104 people from our local communities supported the Library Service by volunteering with us and over 40,000 people came to one of the events that we held.

They are huge numbers but we always want to beat our previous year’s figures so please come along to one of our libraries, find out what we can do for you and you can help us pass last year’s numbers.

There are six libraries within the Royal Borough of Kensington and Chelsea – find out more about them and what we offer by either visiting us in person or our website or you can call us on 020 7361 3010.

Mental Health Awareness Week – Surviving or Thriving?

Read, learn and connect with us during this year’s Mental Health Awareness Week –

Libraries’ positive contribution to the mental well-being of the population is well documented – see the Arts Council’s publication on ‘The health and wellbeing benefits of public libraries.’ 

I say population and not just customers or residents as it has been said that living near a library and, indeed, just walking past a library has a positive effect on one’s emotional and mental well-being.

Of course we in libraries are keen to invite people to come through the doors and experience the well-being benefits first hand. The theme of this year’s Mental Health Awareness Week is ‘Surviving or Thriving’ which encourages us to look at our physical and mental well-being.

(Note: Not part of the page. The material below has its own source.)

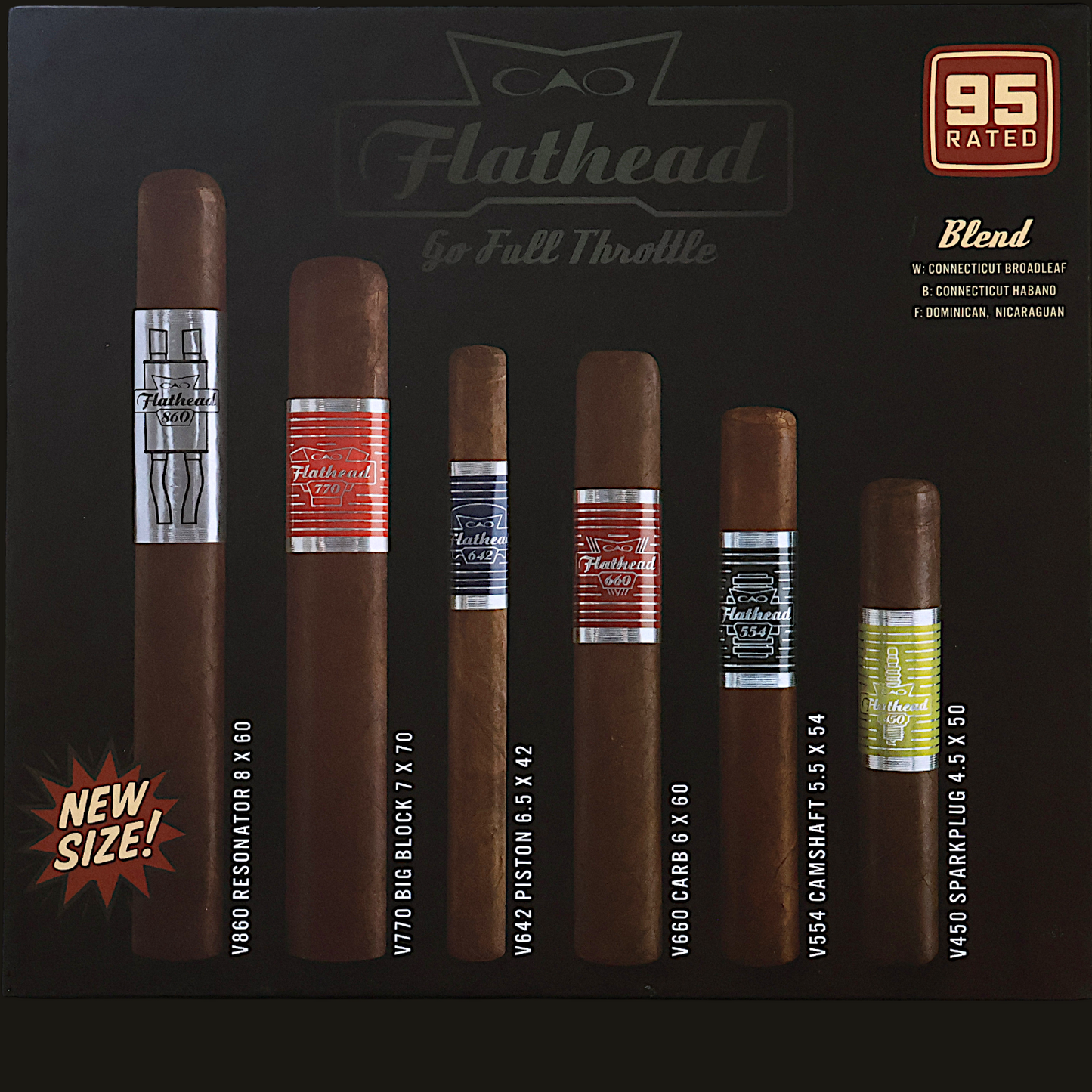 CAO FLATHEAD SAMPLER 6 PACK + FREE FLATHEAD METAL ASHTRAY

Some of our offers are more obviously health focused, our health information displays encourage us to feed our brains with the right food and suggest ways to be more active, as well as giving information on managing and living well with chronic conditions.  Poor physical health can be a drain on our mental and emotional strength and poor mental health can lead to inactivity, poor diet and so the cycle continues.

One way to break cycles of unhelpful thoughts and behaviours is cognitive behavioural therapy and in the West London Clinical Commissioning Group area there is Time to Talk, a free psychological therapy service.

In order to help people decide whether this service is for them or for support while waiting for a referral, or during, or after therapy, the libraries’ Reading Well Books on Prescription collections are recommended by GPs and health promotion specialists. A new collection put together to support those living with chronic conditions will be launched in July this year.

The Reading Well Books on Prescription initiative is part of our Bibliotherapy offer. Our libraries host read aloud groups in partnership with The Reader Organisation. These facilitator led Book Break groups meet every week and give members the opportunity to join in reading aloud from good literature and discuss what has been read over a cup of tea or coffee or just sit back, listen and enjoy the company.

It is encouraging to look at how we in libraries contribute to what is called ‘the wider determinants of health’  All the things in our lives that support us, family, work, employment, housing, finances, education, lifelong learning, English classes, coffee mornings, knitting groups, activities for children and teenagers, employment advice, business information points for entrepreneurs old and young, all these available in libraries.

Libraries have always been inspirational and aspirational encouraging us to ask for more learning and knowledge and skills to create meaningful lives for ourselves and our families.

There are also some very good enjoyable fiction books available free to borrow hard copy or online! See our new book displays or see what eBooks and eMagazines we have. Did you know that reading for as little as six minutes can improve mental well-being?

See what you can do this Mental Health Awareness week to look after your own mental well-being, eat well, sleep well, go for a walk in one of our gorgeous parks and yes, visit your local library.